--- ACTIVITY ---
Lines to restate from the data below: from the one containing "Солнечная батарея (панель)" to the one containing "新高考2024版高考物理一轮复习微专题小练习专题29双星问题卫星的变轨02", both included. Give them again exactly, and only them.

--- MATERIAL FOR THE TASK ---
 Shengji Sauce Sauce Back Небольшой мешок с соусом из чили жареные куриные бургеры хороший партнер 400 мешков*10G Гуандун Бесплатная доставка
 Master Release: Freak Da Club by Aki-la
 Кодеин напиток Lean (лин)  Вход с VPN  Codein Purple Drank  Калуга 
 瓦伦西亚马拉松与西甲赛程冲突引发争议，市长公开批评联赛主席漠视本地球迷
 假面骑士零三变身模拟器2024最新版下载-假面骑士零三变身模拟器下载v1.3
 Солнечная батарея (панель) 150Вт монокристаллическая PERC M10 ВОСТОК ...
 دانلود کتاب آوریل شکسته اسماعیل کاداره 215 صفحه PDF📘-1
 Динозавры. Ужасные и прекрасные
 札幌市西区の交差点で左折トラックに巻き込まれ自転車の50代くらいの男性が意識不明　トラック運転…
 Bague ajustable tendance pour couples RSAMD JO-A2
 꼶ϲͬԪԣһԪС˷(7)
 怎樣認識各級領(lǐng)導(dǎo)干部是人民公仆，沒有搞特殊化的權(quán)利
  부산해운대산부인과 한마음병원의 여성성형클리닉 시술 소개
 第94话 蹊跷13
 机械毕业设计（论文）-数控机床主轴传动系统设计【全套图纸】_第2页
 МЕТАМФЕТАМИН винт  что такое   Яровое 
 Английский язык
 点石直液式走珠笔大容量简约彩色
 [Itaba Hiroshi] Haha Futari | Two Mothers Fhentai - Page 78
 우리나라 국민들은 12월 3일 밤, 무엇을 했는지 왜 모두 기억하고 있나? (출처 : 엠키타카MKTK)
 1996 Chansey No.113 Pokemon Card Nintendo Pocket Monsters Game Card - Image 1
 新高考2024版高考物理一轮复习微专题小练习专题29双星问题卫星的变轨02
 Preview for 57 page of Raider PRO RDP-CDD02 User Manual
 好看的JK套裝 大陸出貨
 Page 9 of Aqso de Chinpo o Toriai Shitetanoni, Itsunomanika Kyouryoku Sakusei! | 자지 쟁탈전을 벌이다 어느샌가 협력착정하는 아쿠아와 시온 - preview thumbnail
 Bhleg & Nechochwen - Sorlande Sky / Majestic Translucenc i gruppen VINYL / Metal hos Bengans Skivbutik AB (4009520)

--- OUTPUT FOR THIS TASK ---
 Солнечная батарея (панель) 150Вт монокристаллическая PERC M10 ВОСТОК ...
 دانلود کتاب آوریل شکسته اسماعیل کاداره 215 صفحه PDF📘-1
 Динозавры. Ужасные и прекрасные
 札幌市西区の交差点で左折トラックに巻き込まれ自転車の50代くらいの男性が意識不明　トラック運転…
 Bague ajustable tendance pour couples RSAMD JO-A2
 꼶ϲͬԪԣһԪС˷(7)
 怎樣認識各級領(lǐng)導(dǎo)干部是人民公仆，沒有搞特殊化的權(quán)利
  부산해운대산부인과 한마음병원의 여성성형클리닉 시술 소개
 第94话 蹊跷13
 机械毕业设计（论文）-数控机床主轴传动系统设计【全套图纸】_第2页
 МЕТАМФЕТАМИН винт  что такое   Яровое 
 Английский язык
 点石直液式走珠笔大容量简约彩色
 [Itaba Hiroshi] Haha Futari | Two Mothers Fhentai - Page 78
 우리나라 국민들은 12월 3일 밤, 무엇을 했는지 왜 모두 기억하고 있나? (출처 : 엠키타카MKTK)
 1996 Chansey No.113 Pokemon Card Nintendo Pocket Monsters Game Card - Image 1
 新高考2024版高考物理一轮复习微专题小练习专题29双星问题卫星的变轨02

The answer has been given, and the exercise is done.